There's a draft for the 0% release (v1.6) for the current week up on GRNmap's releases page. Approval should be given during this week's meeting before we publish.
We've revised the draft and seen @kdahlquist's comments; upon @dondi and @bengfitzpatrick's review we will submit to the symposium.
We've partially reviewed the changes that we'll need to make in MSETest, as the file should be broken into multiple smaller unit tests from the large functional one that it is now. In theory, however, it's existing state should be able to be used as one large test just to ensure that LSE is working correctly; then we would iterate upon its tests and improve its quality after converting to the new structure. @bengfitzpatrick's feedback at this week's meeting would be appreciated. (Side note: runGRNstructSimulation does not seem like its being used, appearing within some commented out code. Should we remove the file and clean up the comments in callTests?)

dondi commented 7 years ago

Immediate priority is #301: remove strikeouts and make a final reading before submitting.

kdahlquist commented 7 years ago

I just want to record that MSE is not the same as LSE as discussed in the meeting.

It would be a good idea to review the Dahlquist et al. 2015 paper to understand the math behind the LSE.

trixr4kdz commented 7 years ago

For this week's session, we determined which variables need to be tested to ensure that the LSE function works as intended.
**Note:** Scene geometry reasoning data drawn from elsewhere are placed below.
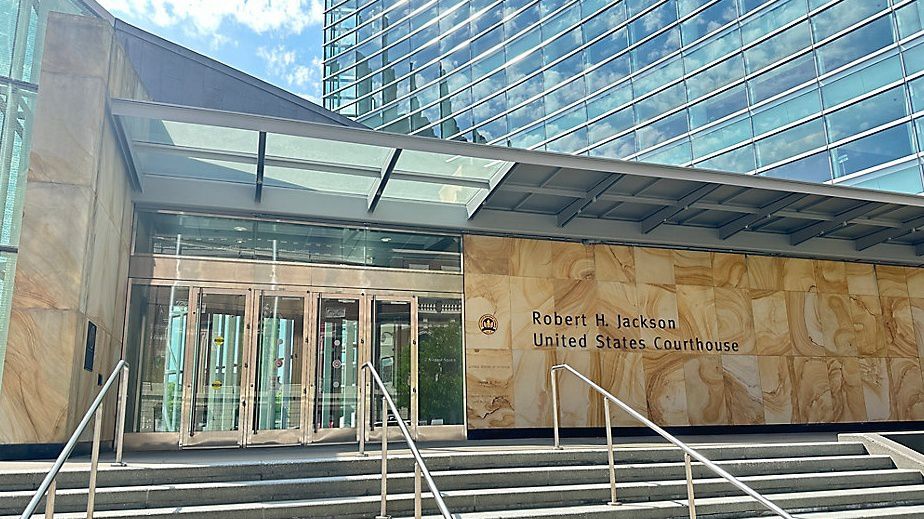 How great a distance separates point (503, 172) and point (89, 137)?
5.29m

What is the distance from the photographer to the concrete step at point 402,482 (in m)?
6.02

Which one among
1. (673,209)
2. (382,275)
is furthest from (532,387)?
(673,209)

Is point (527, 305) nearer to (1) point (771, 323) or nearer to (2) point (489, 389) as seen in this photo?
(2) point (489, 389)

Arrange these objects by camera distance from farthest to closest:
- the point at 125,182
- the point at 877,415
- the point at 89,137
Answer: the point at 877,415 → the point at 125,182 → the point at 89,137

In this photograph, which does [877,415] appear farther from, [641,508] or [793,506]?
[641,508]

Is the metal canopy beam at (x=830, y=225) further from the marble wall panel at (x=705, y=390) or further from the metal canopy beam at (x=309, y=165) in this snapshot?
the metal canopy beam at (x=309, y=165)

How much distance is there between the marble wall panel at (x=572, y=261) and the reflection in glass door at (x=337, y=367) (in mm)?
3480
From this, I've created templates for testing the lse and gLSE routines so that we only need to worry about figuring out what the expected values are for those routines.

kdahlquist commented 7 years ago

Task list has been updated for this week; see issue for updates.

trixr4kdz commented 7 years ago

For creating the LSE tests, see the comments on #313.

Tl;dr: Testing the LSE function would require assuming that the current output is correct so that when we implement the compressMissingData function, the current output should not be changed. However, what this would mean is probably generating a new set of output for different use cases just like the "sixteen_tests" excel files, which are already different from the current output of the code. @cazinge suggested working in parallel in implementing the new data structure.

For the other issues:

I also put a comment on #310 for interpreting what the math does in gLSE.
I did a little bit of tidying up on my fork with regards to the test suite. I'll just go make a pull request now so you can check. I realized that the tests were getting a bit disorganized so I grouped them into separate folders depending on what I thought the tests were doing.

kdahlquist commented 7 years ago

Task list remains unchanged. I noted at the meeting if you are planning to take off early next Friday for Spring Break, then you need to arrange to do your research hours earlier in the week.

bengfitzpatrick commented 7 years ago

@cazinge @trixr4kdz @jtorre39 please let me know when you're up-and-running in the UH lab.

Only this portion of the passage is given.